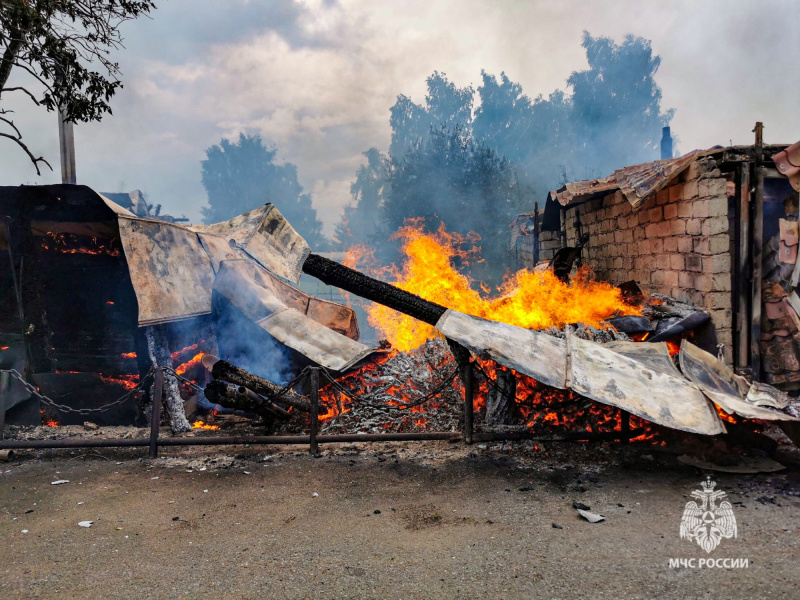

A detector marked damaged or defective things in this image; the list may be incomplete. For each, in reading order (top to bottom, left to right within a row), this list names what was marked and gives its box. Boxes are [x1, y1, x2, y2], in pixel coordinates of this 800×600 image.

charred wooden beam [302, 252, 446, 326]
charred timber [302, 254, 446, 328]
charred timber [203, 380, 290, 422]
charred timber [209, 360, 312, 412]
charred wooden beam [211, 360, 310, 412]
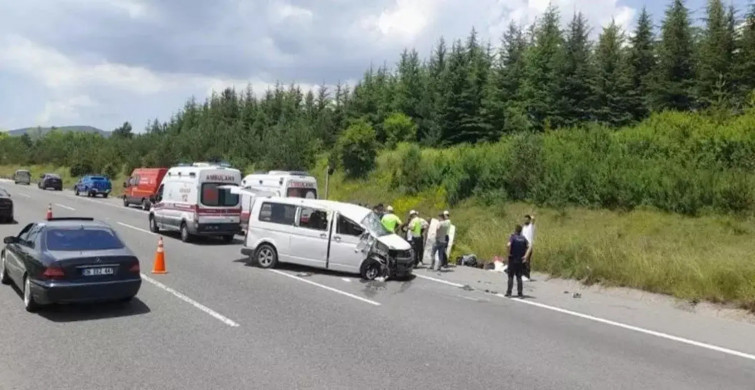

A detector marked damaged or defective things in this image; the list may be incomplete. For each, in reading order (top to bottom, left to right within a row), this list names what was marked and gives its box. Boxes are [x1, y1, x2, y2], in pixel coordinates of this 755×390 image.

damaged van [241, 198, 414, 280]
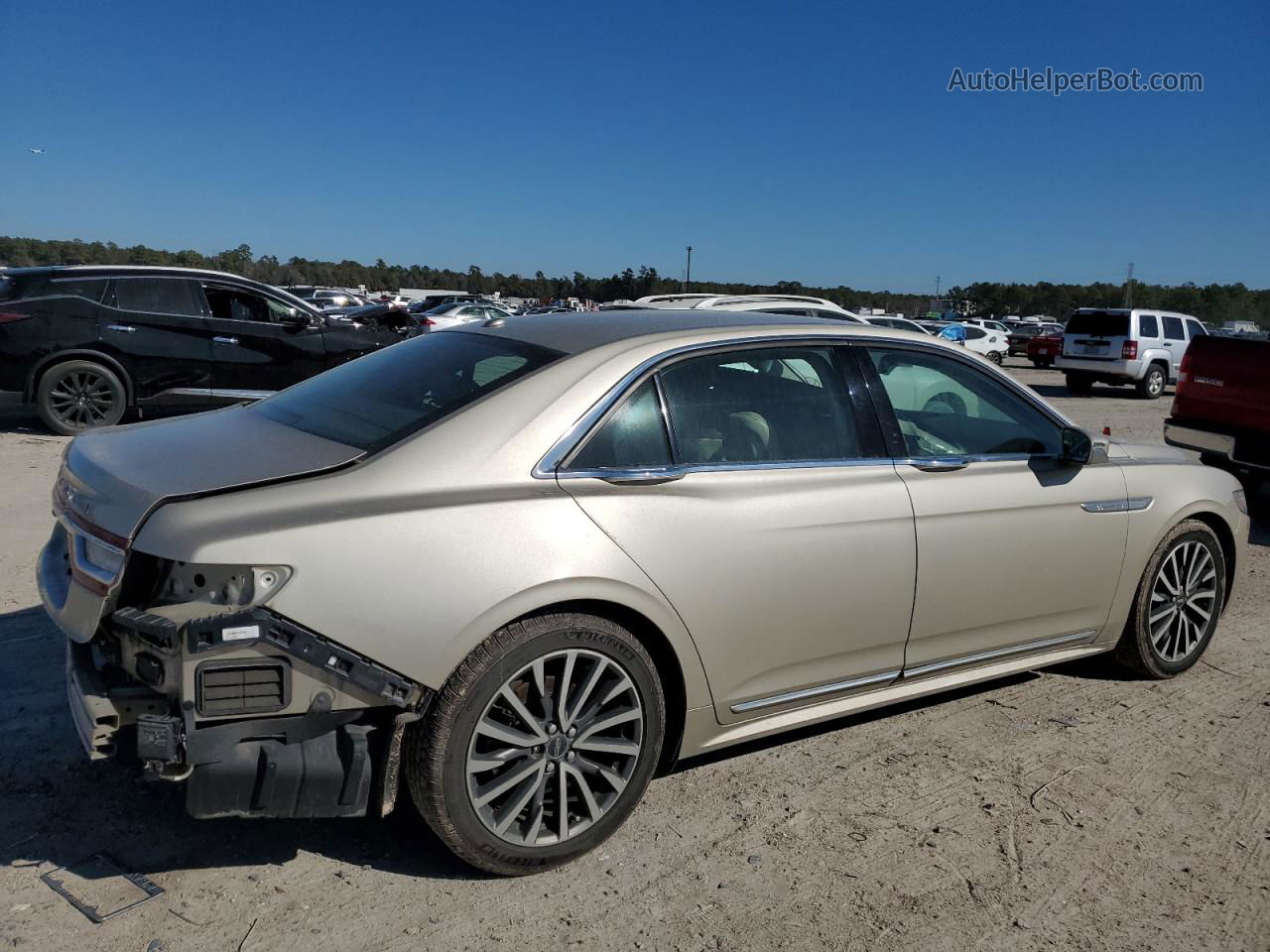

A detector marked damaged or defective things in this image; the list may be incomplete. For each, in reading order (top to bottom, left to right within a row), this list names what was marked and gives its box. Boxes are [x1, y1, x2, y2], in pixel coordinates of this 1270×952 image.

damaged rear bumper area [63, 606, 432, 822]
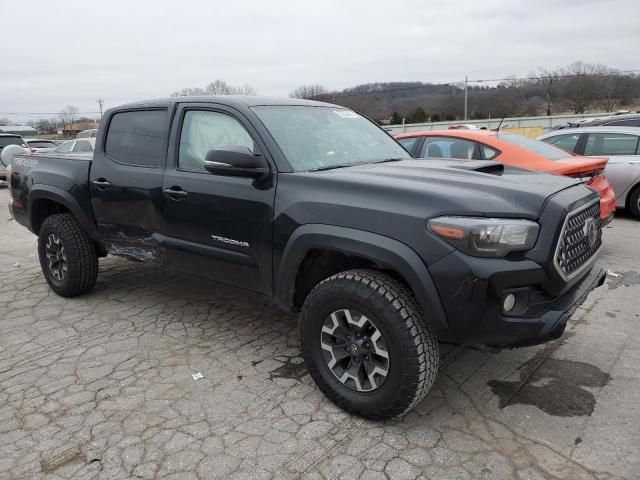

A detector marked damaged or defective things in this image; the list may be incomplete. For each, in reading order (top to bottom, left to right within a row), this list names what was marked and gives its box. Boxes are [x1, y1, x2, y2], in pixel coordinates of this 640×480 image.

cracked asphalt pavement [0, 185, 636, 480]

......

> **Exercise directions**: Take the lines from the one containing "this 640×480 image." through the final line of the entries above, and set them down exactly, with nothing added.

> **Result for this task**:
A detector marked damaged or defective things in this image; the list may be incomplete. For each, in reading order (top to bottom, left to right within a row), this list names what was marked and gives its box. Boxes are [x1, y1, x2, y2], in pixel coordinates of this 640×480 image.

cracked asphalt pavement [0, 185, 636, 480]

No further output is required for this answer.